Yeni yapılacak Ankara Adliyesi`nin temelinin 19 Eylül Perşembe günü atılacağını aktaran Köroğlu, sürece ilişkin şunları kaydetti:
"Kendi mesleki sorunlarımız tabii ki çok fazla. Sevindirici tek güzel bir haberimiz var. O da bu noktaya gelene kadar Ankara Barosu olarak büyük emek verdiğimiz Ankara Adliyesi`nin yapılması konusu. 2019 yılından bu yana dört senedir hiçbir adım atılmamıştı. Bu görev süremizde Adalet Bakanı Yılmaz Bey seçilir seçilmez bu konuyu hemen görüşmeye gittik. Kendilerine de bu konuda nasıl bir yol izleyeceğimizi, eylem sürecini başlatacağımızı anlattık. Nitekim sürekli takip ederek kendilerini arayarak komisyon kurarak görüşmelere giderek altı ay içerisinde onlara verdiğimiz süre içerisinde bu ihaleyi gerçekleştirdiler. O yüzden ilgisi için teşekkür ederim ve şimdi de bugün daha yeni ilk defa burada söylüyorum. Perşembe günü saat 12.00`de yeni Ankara Adliyesi`nin temel atma töreni var. Bütün meslektaşlarımı da oraya davet ediyorum. Bizim için sevinçli çünkü 2027 Nisan ayında bitecek bu adliyeyle biz yıllardır Ankara`nın muhtelif yerlerine dağılmış ve bu dağınıklıkla hem mesleğin icrasını zor yerine getiren hem ekonomik olarak bir sürü kayba neden olunan aynı zamanda psikolojik olarak da etkilendiğimiz bir süreç yaşıyorduk ve bir de o bir mesleğin içinde olması gereken birlik, beraberlik, dayanışma aynı bina aynı kampüs içerisinde çalıştığımızı elde ettiğimiz o duyguları kaybetmiştik. Bu gece burada da hissettiğim gibi o dayanışmayı umarım çok yakın zamanda meslektaşlarım Ankara`da tekrar buna kavuşacak."

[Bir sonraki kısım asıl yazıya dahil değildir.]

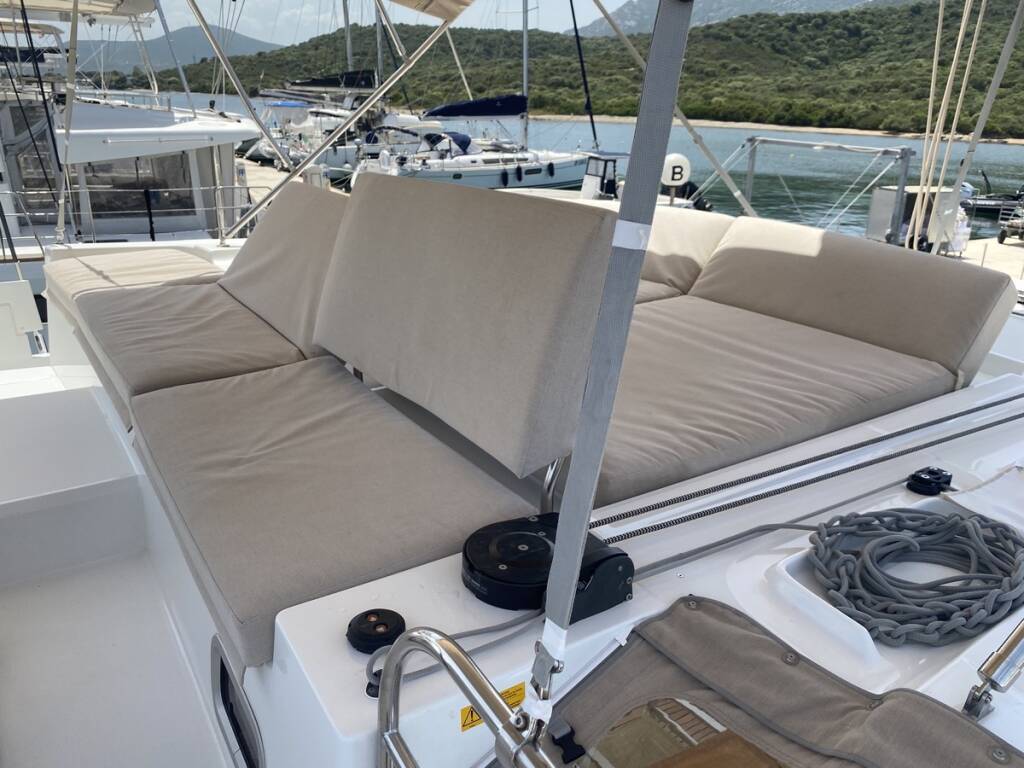 Lagoon 46 Blue Alma
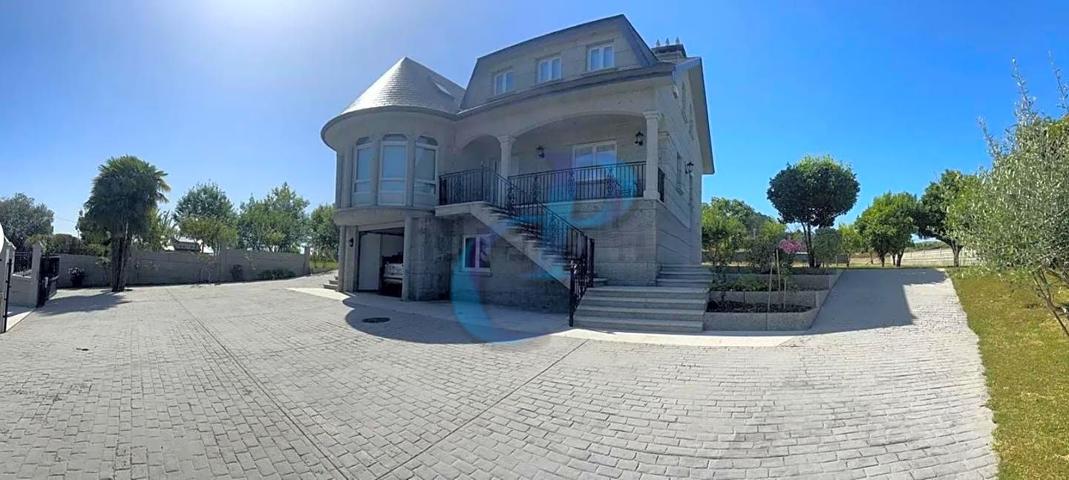 Casa - Chalet en venta en Trasdoval de 360 m2 photo 0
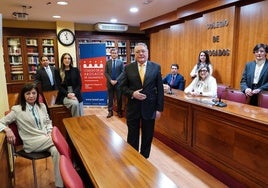 Miguel del Castillo, (en el centro) junto con 9 de los 10 integrantes de la Junta del Colegio de la Abogacía.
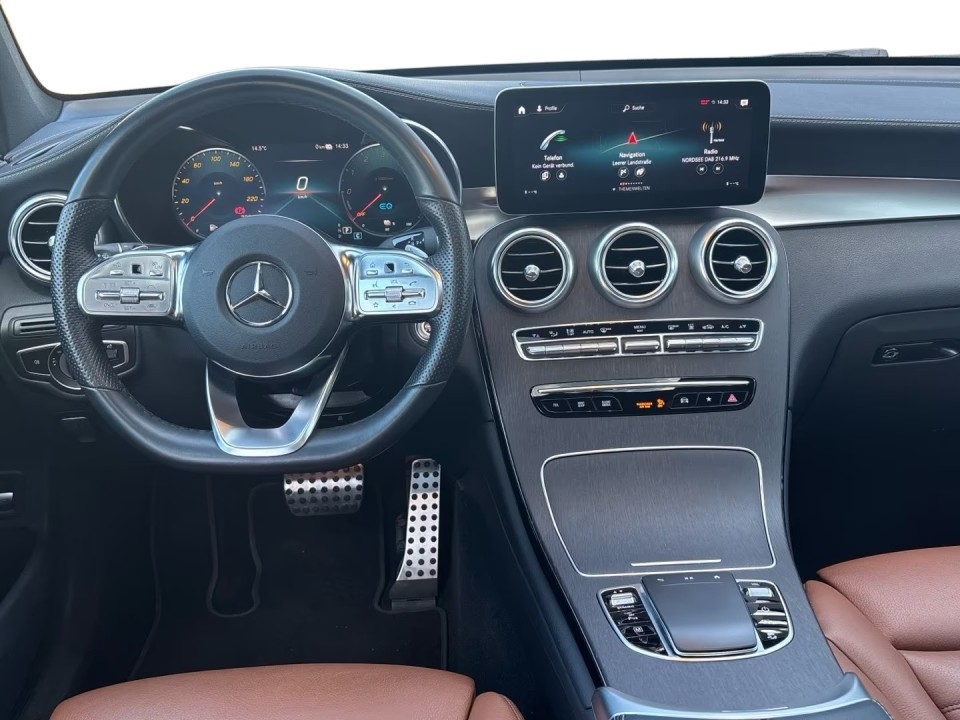 Mercedes-Benz GLC Coupé 300de 4MATIC AMG - foto 9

"Bu ülkede her şeyi önce bir test etmeye çalışıyorlar"
Türkiye Yüzyılı Maarif Modeli`ni eleştiren Köroğlu, sözlerini şöyle sürdürdü:
"Mücadele kavramını özellikle kullanıyorum. Ne yazık ki her alanda mücadeleye devam etmemiz gerekiyor. Bakıyorsunuz Cumhuriyet kazanımları, laiklikle ilgili, halen bir eğitim müfredatı tartışmasının içine çekiliyoruz. Eğitim müfredatının bu kadar ülkenin bir talim terbiye kurulu gibi müfredatla ilgili çocukların geleceğiyle ilgili bu kadar gerçekten dini içerikli bir müfredat ve eğitime doğru yol alması bizi endişelendiriyor. Bu konuda artık gerçekten bütün sivil toplum kuruluşları, barolar örgütlenerek daha geniş bir hat oluşturarak bir mücadele sergileyeceğiz.

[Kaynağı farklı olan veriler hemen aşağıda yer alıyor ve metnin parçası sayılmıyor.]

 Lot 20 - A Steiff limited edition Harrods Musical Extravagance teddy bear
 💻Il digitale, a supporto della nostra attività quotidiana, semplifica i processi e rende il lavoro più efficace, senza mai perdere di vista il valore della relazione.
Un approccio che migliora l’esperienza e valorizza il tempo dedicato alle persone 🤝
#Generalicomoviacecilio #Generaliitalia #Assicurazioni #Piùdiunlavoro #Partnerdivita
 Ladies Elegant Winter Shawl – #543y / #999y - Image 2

Bu ülkede her şeyi önce bir test etmeye çalışıyorlar. Önce gündeme atarak, belki arka planda başka şeyler yapıyorlar. Şu anda o yüzden direkt uygulamaya geçmiş bir şey yok ama biz geçtiğimiz iki senede ÇEDES uygulamaları, lise ve ilkokullarda imam hatip kökenli kişilerin gelip dini eğitimler verecek olması gibi şeyler yaşadık. Biz artık bunlardan vazgeçilmesini istiyoruz. Yani bu ülke ne yazık ki bunun acısın yüz yıllık bir süreçte geldiğimiz noktada en son işte 15 Temmuz darbe sürecinde yaşadı. Yani cemaatlere, topluluklara, örgütlere, dergahlara ve tekkelere artık bir son verilmesi lazım.

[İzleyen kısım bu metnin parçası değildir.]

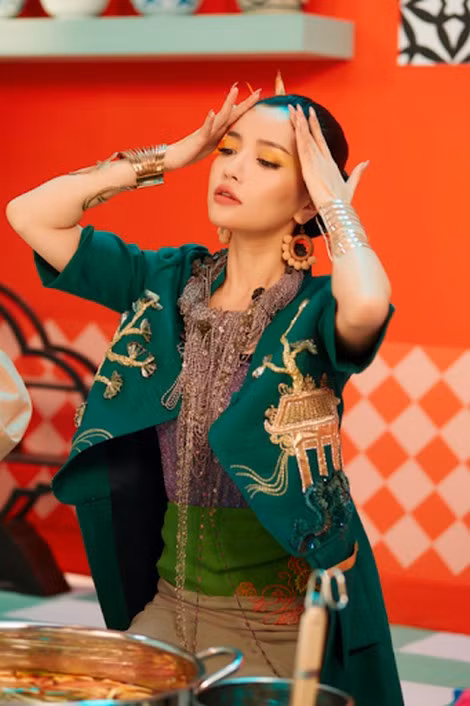 Bích Phương bị chê hát không rõ lời trong MV triệu view “Bùa yêu”.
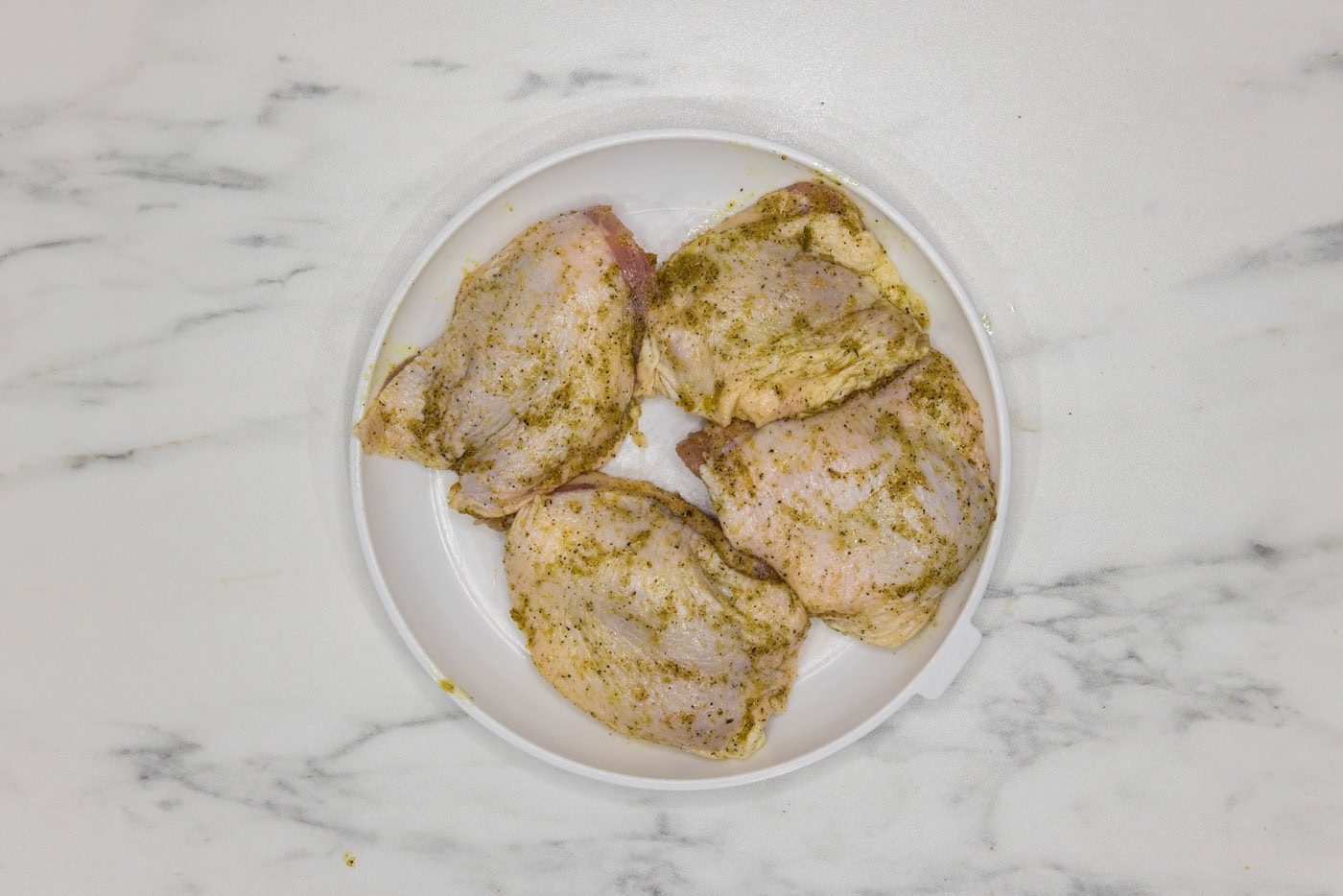 chicken thighs with seasoning rub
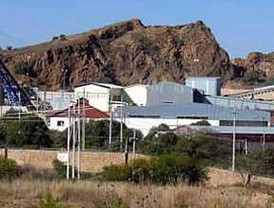 Insulza recibirá a ex asambleista León Roldós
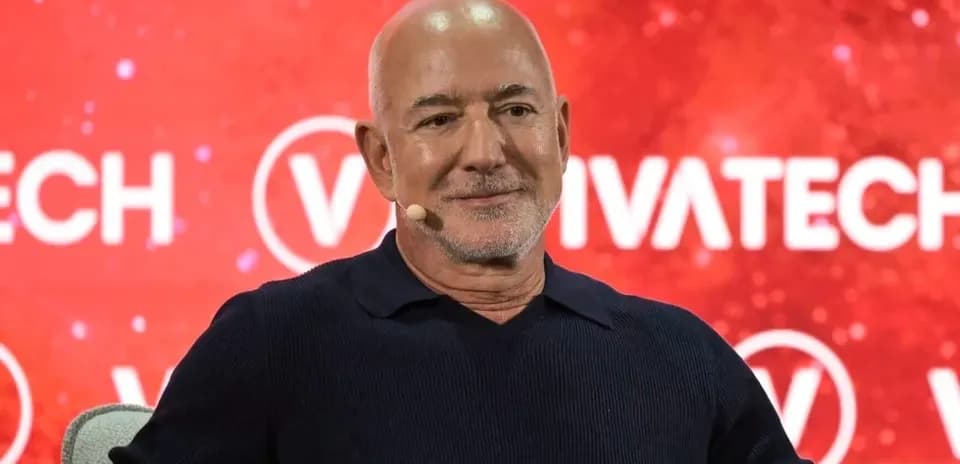 Hombre hablando en evento Vivatech con fondo rojo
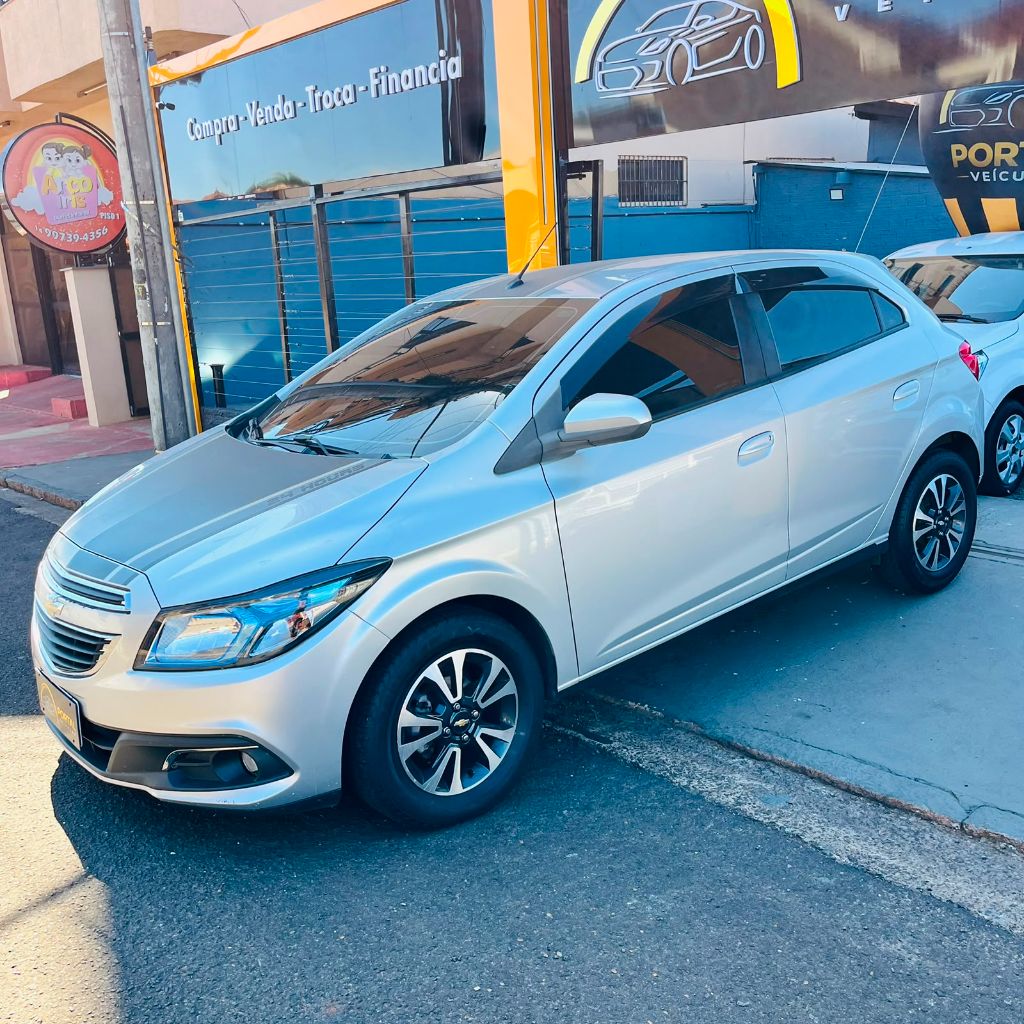 ONIX HATCH LTZ 1.4 8V FlexPower 5p Mec. — foto 2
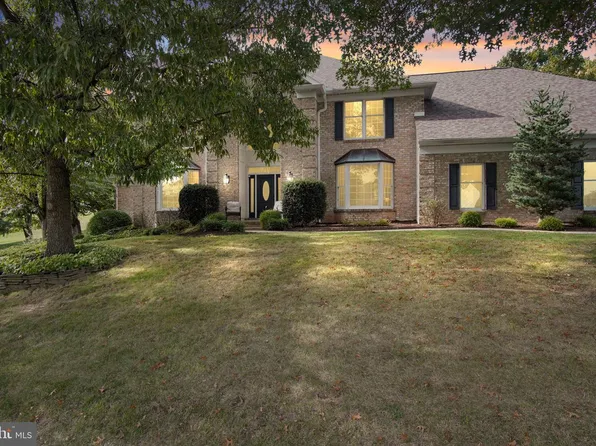 3333 Poses Pl, York, PA 17406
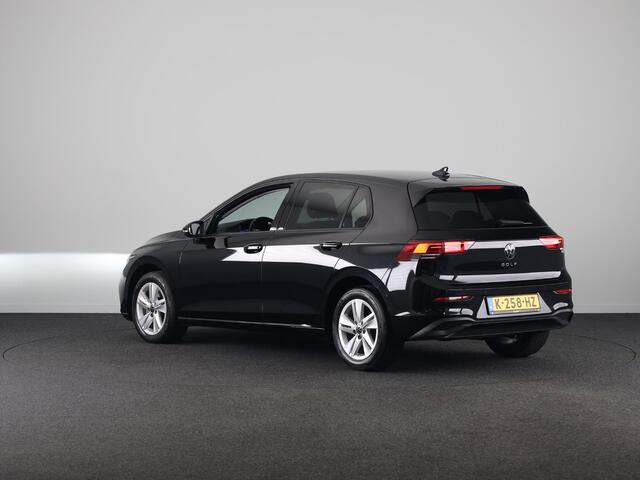 Volkswagen GOLF 1.5 TSI Life Business 130 pk | Navigatie | Parkeersensoren (Park assist) | Adaptieve cruise control | Elektr. bestuurdersstoel | Autom. airco |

Hele eğitim denilen şeyin bundan çok daha uzak tutulması lazım. Bugün daha çok çocuğun, kadının eğitime ulaşmasını sağlamamız lazımken ne yazık ki eğitim platformlarıyla biz Ankara Barosu yakın zamanda çocukların daha okuldayken özellikle de yiyecek ihtiyaçlarına ulaşması için bir platform oluşturmaya çalışıyoruz. Niye? Çünkü iliklerimize kadar hissettiğimiz derin bir yoksulluğun içindeyiz. Yoksulluk ve şimdi yoksunluk. Buna son vermemiz lazım. O yüzden çocuklarımızı iyi yetiştirmemiz lazım. Çocuklarımızı çağdaş, modern, bilimin ışığında yetiştirmemiz lazım. Ne zaman ki bilimden uzaklaşırsınız, o zaman sonunuz her zaman bu ülkenin zaman zaman yaşadığı gibi işte karanlıklar, kendi kişisel hesapları, ihtirasları, gücü ele geçirmek, hatta devleti ele geçirmek olan cemaat tipi yapılanmaların üzerinde cirit attığı bir ülkeye döner."